"Alexandre Kojeve, a French philosopher who published the reading of Hegelian historical philosophy, is often referred to because he interpreted the Japanese Edo era as a precursor of the postmodern society after the "End of History". Roland Barthes, another French critic, also depicted Japanese tradition as a realization of postmodernism.
The word "postmodern" or " postmodernity" has been widely used to analyze the cultural phenomena after 1970s. Two typical points are often discussed in its context. One is the argument by a French philosopher, Jean-Francois Lyotard. He argued that in the postmodern era "the grand Narrative" which had unified the entire system of knowledge disappears, and that the unity of society is broken up into a lot of various "small narratives" or cultural communities. Jean Baudrillard, a French sociologist, makes the other point. He argued that the modern distinction between the original and the copy, the real and the image, is already lost, and that everything becomes simulacrum in the postmodern era.

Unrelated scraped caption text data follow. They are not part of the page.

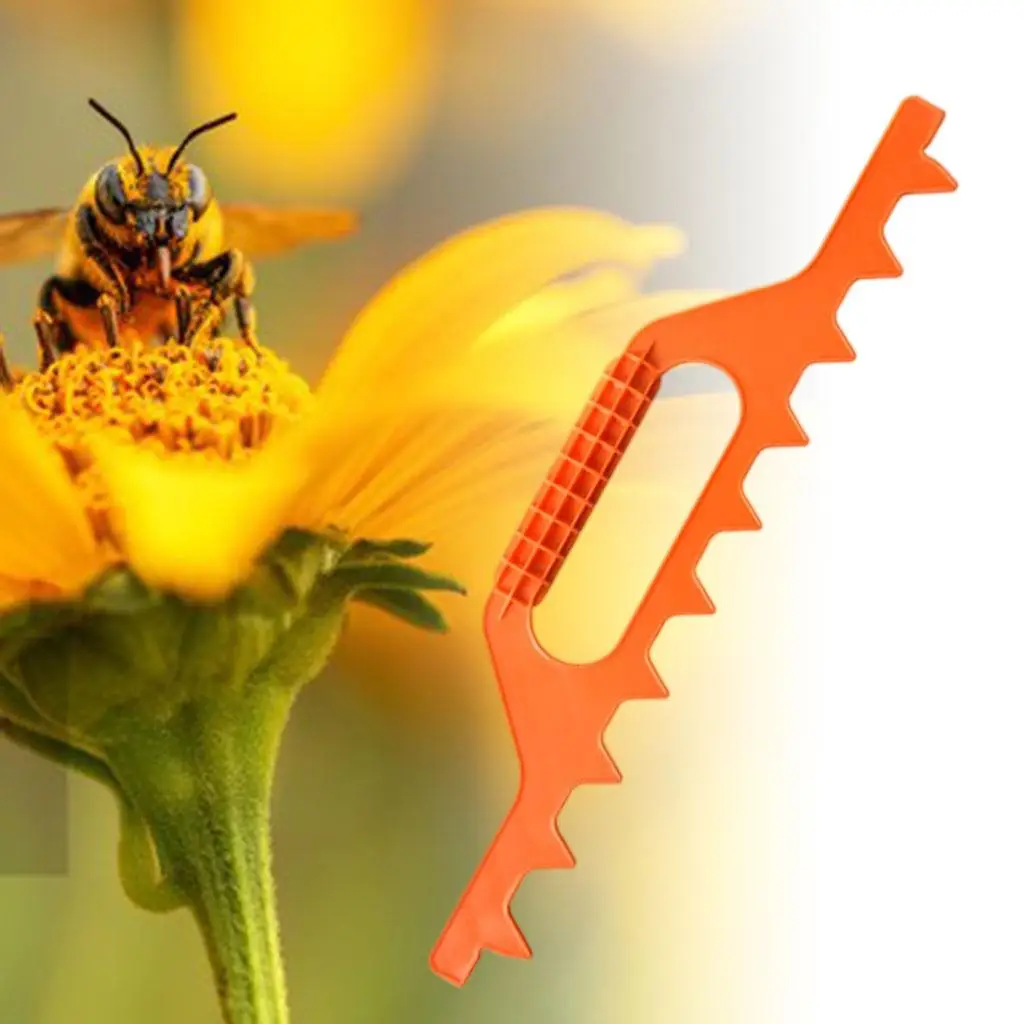 9   Spacer, Distance Rake, Durable Bee   Spcing Tool for Spacing , Beekeeping Spacing Tool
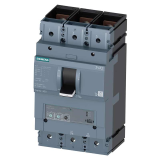 Moulded case circuit breakers 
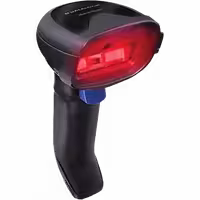بارکد خوان سیمی DATALOGIC مدل QUICKSCAN QD2220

The former emphasizes its political or social change while the latter is rather aesthetical or cultural discussion, but these two arguments are eventually supported by the same intuition. In the postmodern era, after the 1960s or 1970s, our society is little by little losing the value of "Depth", the value of something behind the visible or perceptible things we are confronted with in our dairy lives. It may be God, Truth, Justice, Nation, Ideology or Subject depending on the cultural context and all such "grand" things are now losing its credibility --- so say postmodernists. Therefore, we can say that the concept of superflat is exactly and typically postmodernist."
The essay is in two parts and contains some very important information and explanations, especially for my focus area which is quickly becoming the Otaku culture of Japan.